本文在阅读大话数据结构这本书的基础上,结合java语言的特点,来理解排序,代码均为自己实现。

排序方法 平均情况 最好情况 最坏情况 辅助空间 稳定性
冒泡排序 O(n^2) O(n) O(n^2) O(1) 稳定
简单选择排序 O(n^2) O(n^2) O(n^2) O(1) 稳定
直接插入排序 O(n^2) O(n) O(n^2) O(1) 稳定
希尔排序 O(nlogn)~O(n^2) O(n^1.3) O(n^2) O(1) 不稳定
堆排序 O(nlogn) O(nlogn) O(nlogn) O(1) 不稳定
归并排序 O(nlogn) O(nlogn) O(nlogn) O(n) 稳定
快速排序 O(nlogn) O(nlogn) O(n^2) O(logn)~O(n) 不稳定

排序的基本概念

​ 假设含有n个记录的序列为{r1,r2,……,rn},其相应的关键字分别为{k1,k2,……,kn},需确定1,2,……,n的一种排列p1,p2,……,pn,使其相应的关键字满足kp1≤kp2≤……≤kpn(非递减或非递增)关系,即使得序列成为一个按关键字有序的序列{rp1,rp2,……,rpn},这样的操作就称为排序。
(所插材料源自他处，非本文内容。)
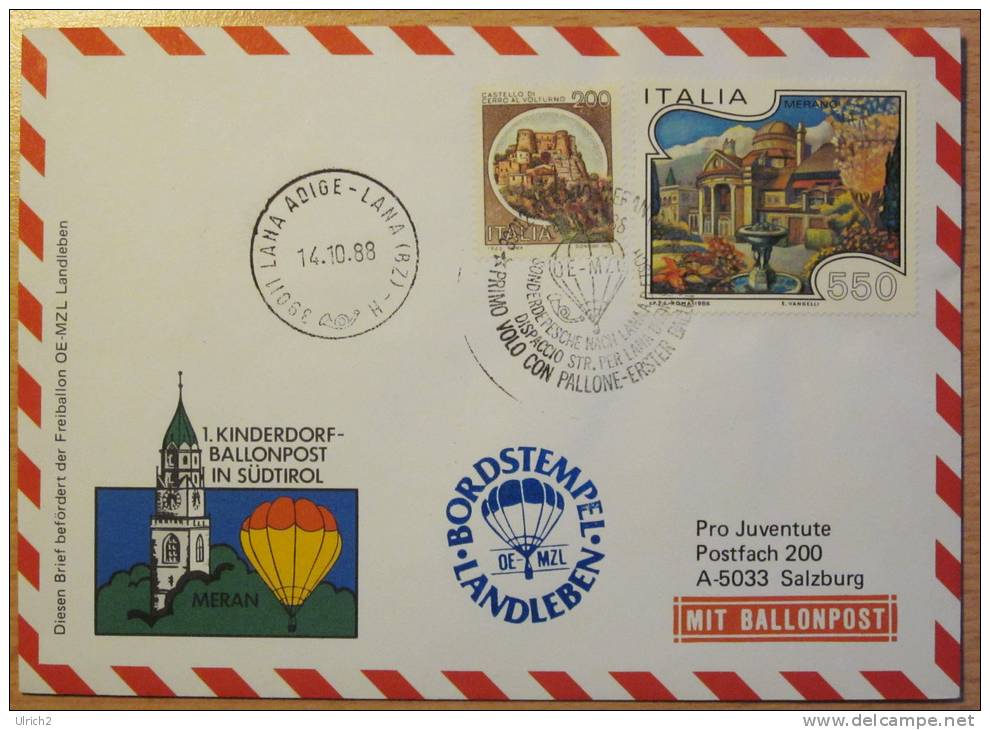 Pro Juventute Sonder-Ballonpost Nr. 37 (1988; Italien) - Balloon Covers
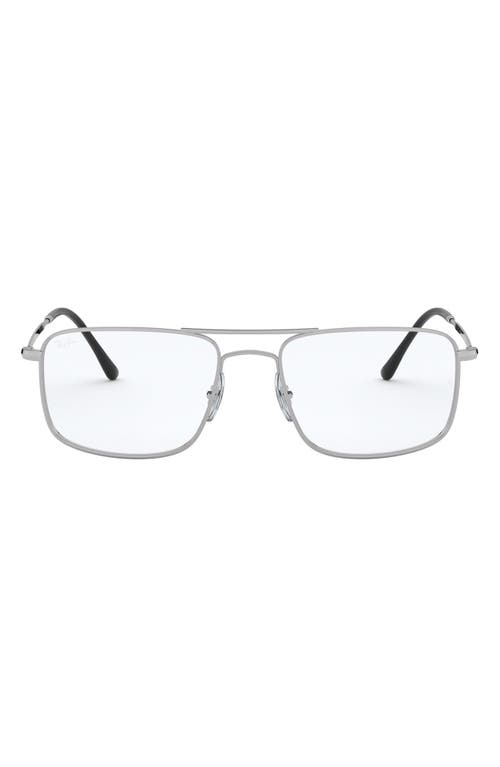 Ray-Ban 55mm Square Blue Light Blocking Glasses in Silver at Nordstrom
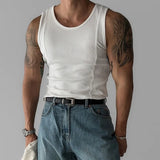 New Men Casual Sports Gym Tank Tops Leisure Splicing Solid Color Sleeveless Tees Fashion Streetwear Fitness Stretch Ribbed Vests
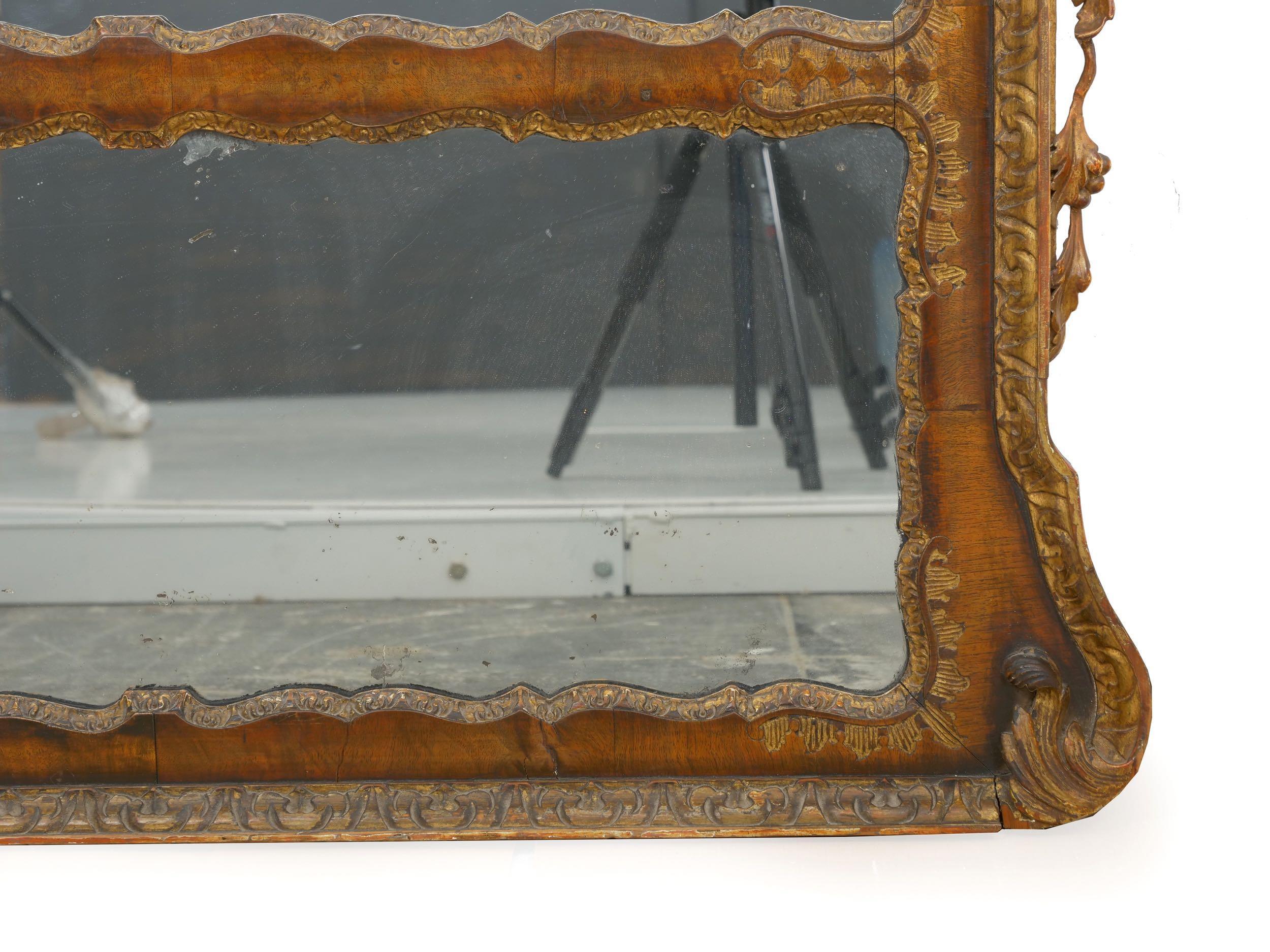 19th Century English Georgian Walnut Antique Pier Wall Mirror, circa 1850s 2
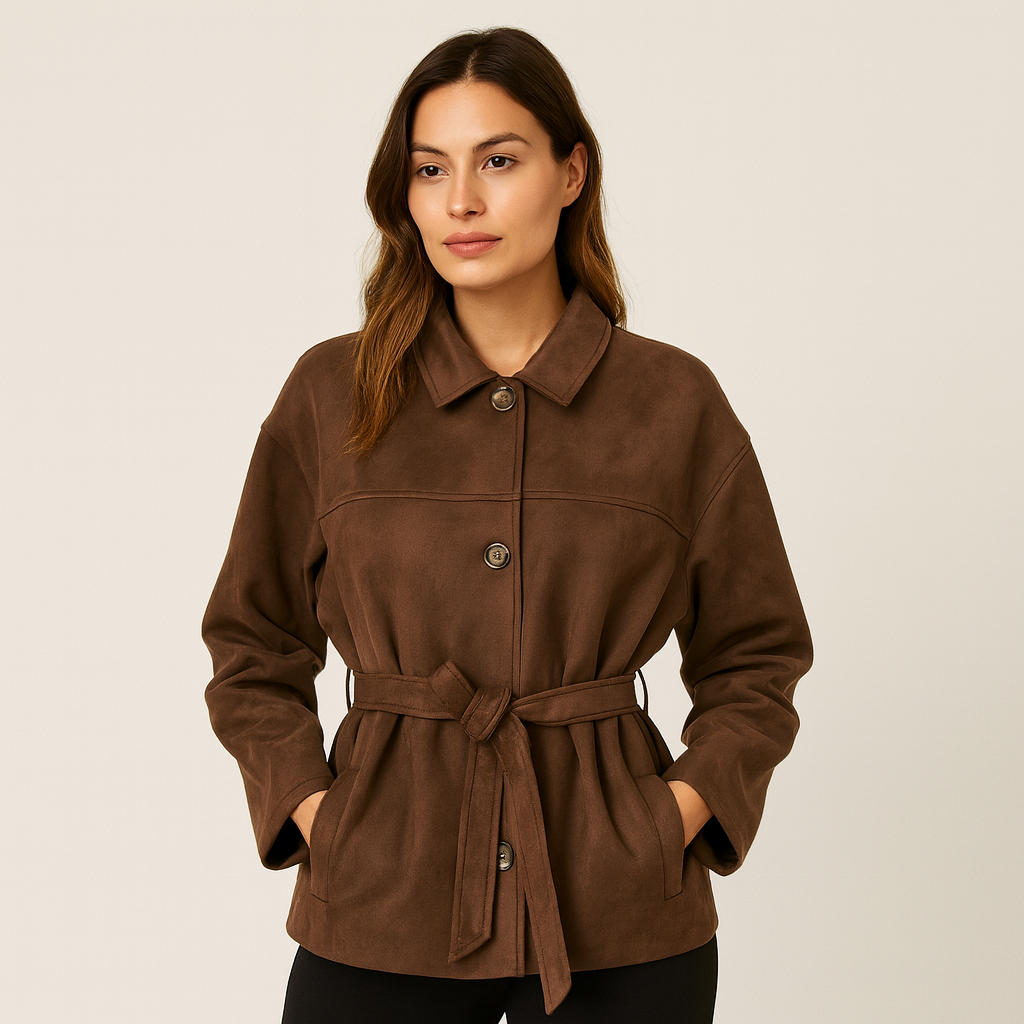 Chaqueta de cuero Mujer Cinturón Ajustable - Vestiria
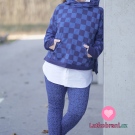 Teplákovina tmavě modrá kostka na královsky modré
假设ki=kj(1≤i≤n,1≤j≤n,i≠j),且在排序前的序列中ri领先于rj(即i<j)。如果排序后ri仍领先于rj,则称所用的排序方法是稳定的;反之,若可能使得排序后的序列中rj领先ri,则称所用的排序方法是不稳定的。

​ 内排序与外排序:根据在排序过程中待排序的记录是否全部被放置在内存中。内排序是在排序整个过程中,待排序的所有记录全部被放置在内存中。外排序是由于排序的记录个数太多,不能同时放置在内存,整个排序过程需要在内外存之间多次交换数据才能进行。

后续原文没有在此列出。